DATASET CONTENT:
<<<<

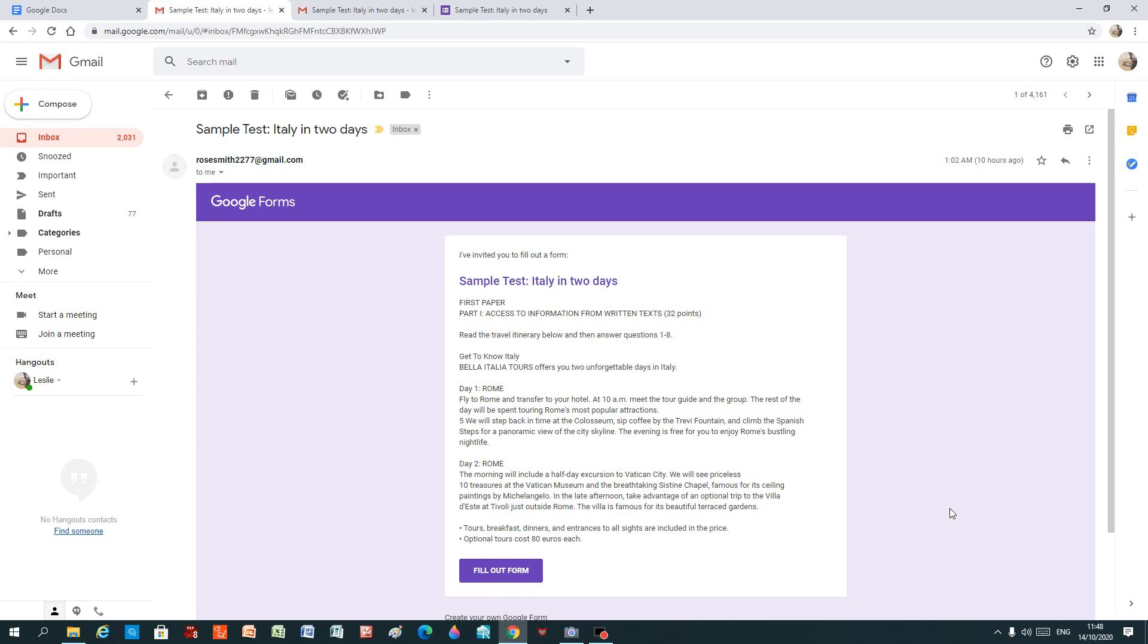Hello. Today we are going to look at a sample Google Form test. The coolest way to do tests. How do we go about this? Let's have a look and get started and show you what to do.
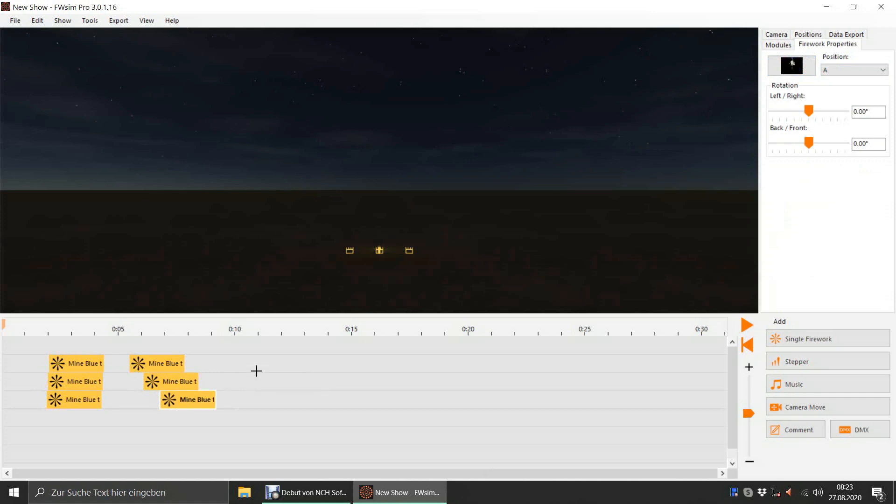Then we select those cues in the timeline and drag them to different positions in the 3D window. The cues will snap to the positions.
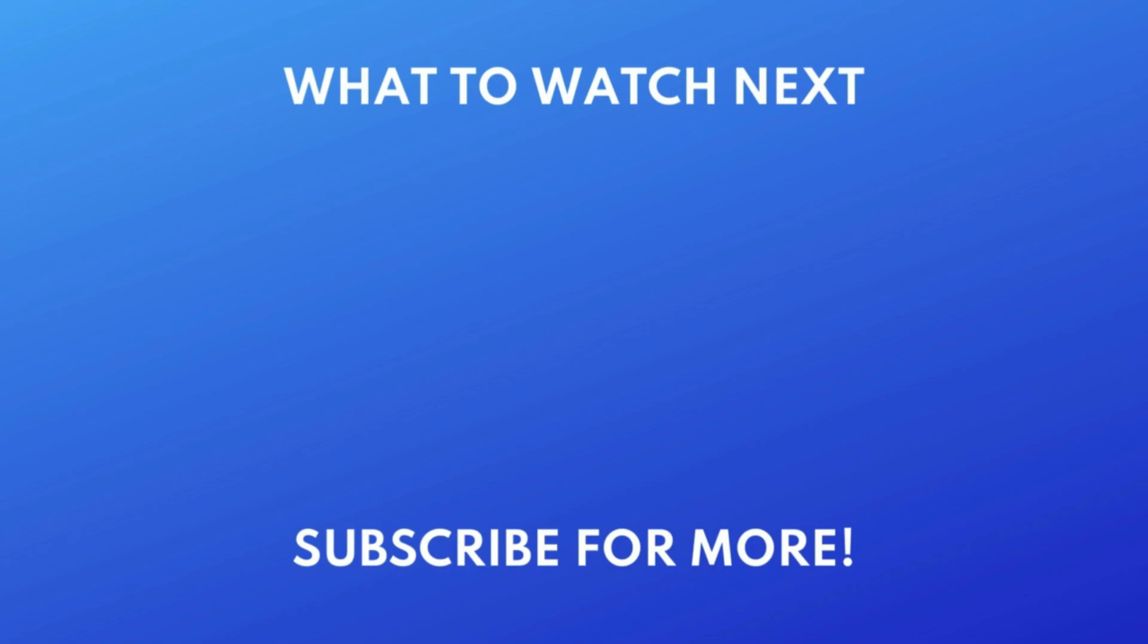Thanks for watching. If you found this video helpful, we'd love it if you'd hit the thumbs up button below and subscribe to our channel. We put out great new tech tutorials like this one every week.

>>>>

WHAT THE EXERCISE ASKS:
Pictures are to be omitted. The lines from the line holding "Then we select" through the closing line of the data above are to be set down exactly, and nothing more.

EXERCISE RESULT:
Then we select those cues in the timeline and drag them to different positions in the 3D window. The cues will snap to the positions.
Thanks for watching. If you found this video helpful, we'd love it if you'd hit the thumbs up button below and subscribe to our channel. We put out great new tech tutorials like this one every week.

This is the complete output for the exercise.